Shawn Pearce <spearce@xxxxxxxxxxx> · Thu, 9 Mar 2017 11:14:12 -0800

On Mon, Mar 6, 2017 at 4:17 PM, Jonathan Nieder <jrnieder@xxxxxxxxx> wrote:
> Linus Torvalds wrote:
>> On Fri, Mar 3, 2017 at 5:12 PM, Jonathan Nieder <jrnieder@xxxxxxxxx> wrote:
>
>>> This document is still in flux but I thought it best to send it out
>>> early to start getting feedback.
>>
>> This actually looks very reasonable if you can implement it cleanly
>> enough.
>
> Thanks for the kind words on what had quite a few flaws still.  Here's
> a new draft.  I think the next version will be a patch against
> Documentation/technical/.

FWIW, I like this approach.

> Alongside the packfile, a sha3 repository stores a bidirectional
> mapping between sha3 and sha1 object names. The mapping is generated
> locally and can be verified using "git fsck". Object lookups use this
> mapping to allow naming objects using either their sha1 and sha3 names
> interchangeably.

I saw some discussion about using LevelDB for this mapping table. I
think any existing database may be overkill.

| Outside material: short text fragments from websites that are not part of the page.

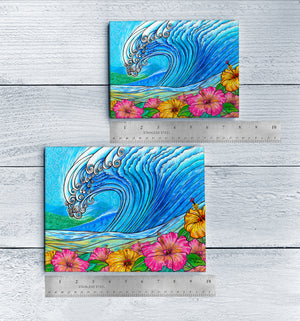 Hibiscus Wave Ceramic Tile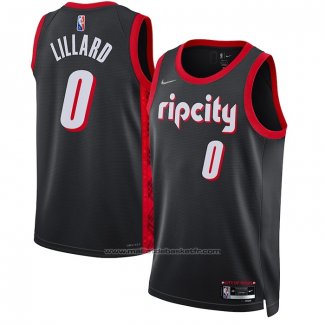 Maillot Portland Trail Blazers Damian Lillard #0 Ville 2021-22 Noir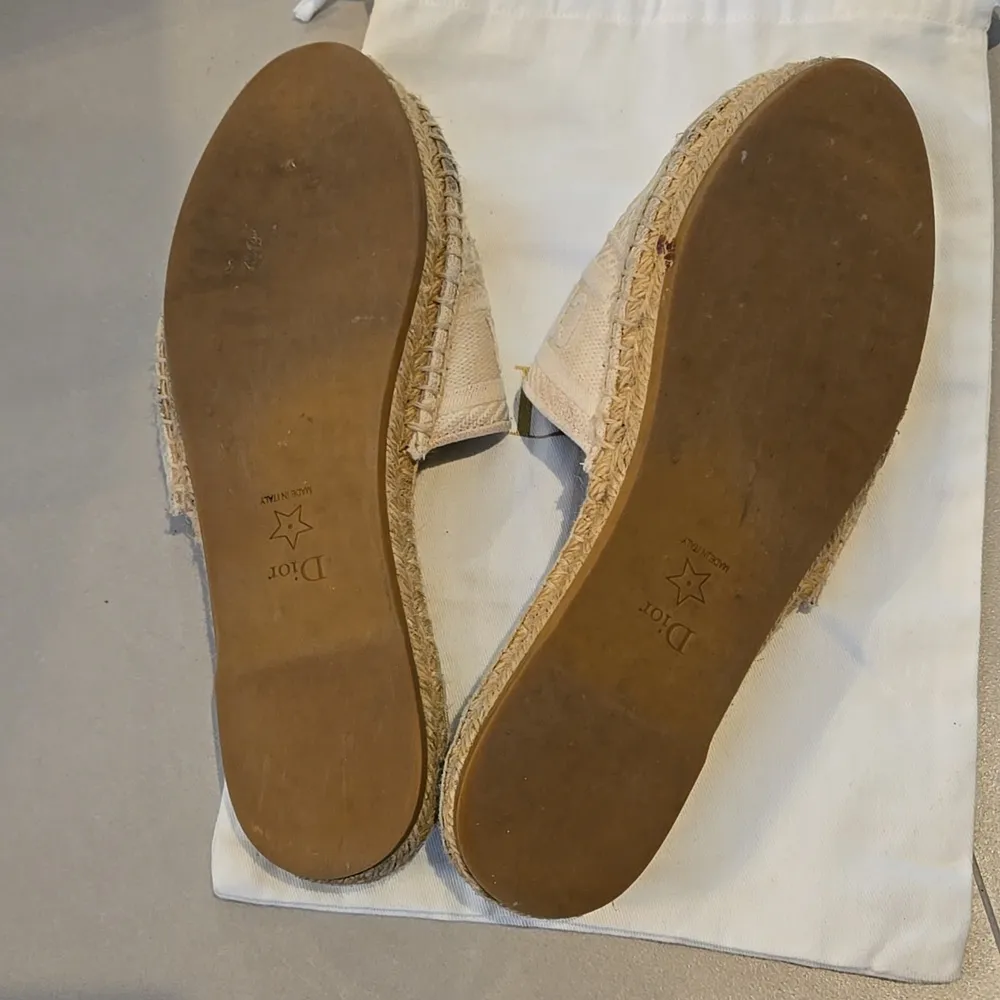 Dior Granville Clay Beige Nude Logo Canvas Backless Espadrille Slide Flat - Image 5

For packs, you may be able to simplify by having only one file
(pack-*.msha1) that maps SHA-1 to pack offset; idx v2. The CRC32 table
in v2 is unnecessary, but you need the 64 bit offset support.

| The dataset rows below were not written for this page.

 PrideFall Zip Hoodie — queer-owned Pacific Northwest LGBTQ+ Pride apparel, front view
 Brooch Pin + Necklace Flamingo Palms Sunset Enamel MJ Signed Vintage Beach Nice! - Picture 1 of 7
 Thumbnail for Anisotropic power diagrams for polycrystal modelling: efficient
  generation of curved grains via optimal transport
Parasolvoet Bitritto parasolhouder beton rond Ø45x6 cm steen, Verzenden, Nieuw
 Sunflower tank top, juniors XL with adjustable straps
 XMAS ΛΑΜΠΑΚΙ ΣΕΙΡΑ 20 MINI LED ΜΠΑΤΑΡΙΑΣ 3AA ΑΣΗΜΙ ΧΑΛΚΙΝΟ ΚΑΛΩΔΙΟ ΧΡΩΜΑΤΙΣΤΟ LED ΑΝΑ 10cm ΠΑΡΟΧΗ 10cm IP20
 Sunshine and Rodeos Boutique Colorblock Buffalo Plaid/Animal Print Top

SHA-1 to SHA-3: lookup SHA-1 in .msha1, reverse .idx, find offset to
read the SHA-3.
SHA-3 to SHA-1: lookup SHA-3 in .idx, and reverse the .msha1 file to
translate offset to SHA-1.

For loose objects, the loose object directories should have only
O(4000) entries before auto gc is strongly encouraging
packing/pruning. With 256 shards, each given directory has O(16) loose
objects in it. When writing a SHA-3 loose object, Git could also
append a line "$sha3 $sha1\n" to objects/${first_byte}/sha1, which
GC/prune rewrites to remove entries. With O(16) objects in a
directory, these files should only have O(16) entries in them.

SHA-3 to SHA-1: open objects/${sha3_first_byte}/sha1 and scan until a
match is found.
SHA-1 to SHA-3: brute force read 256 files. Callers performing this
mapping may load all 256 files into a table in memory.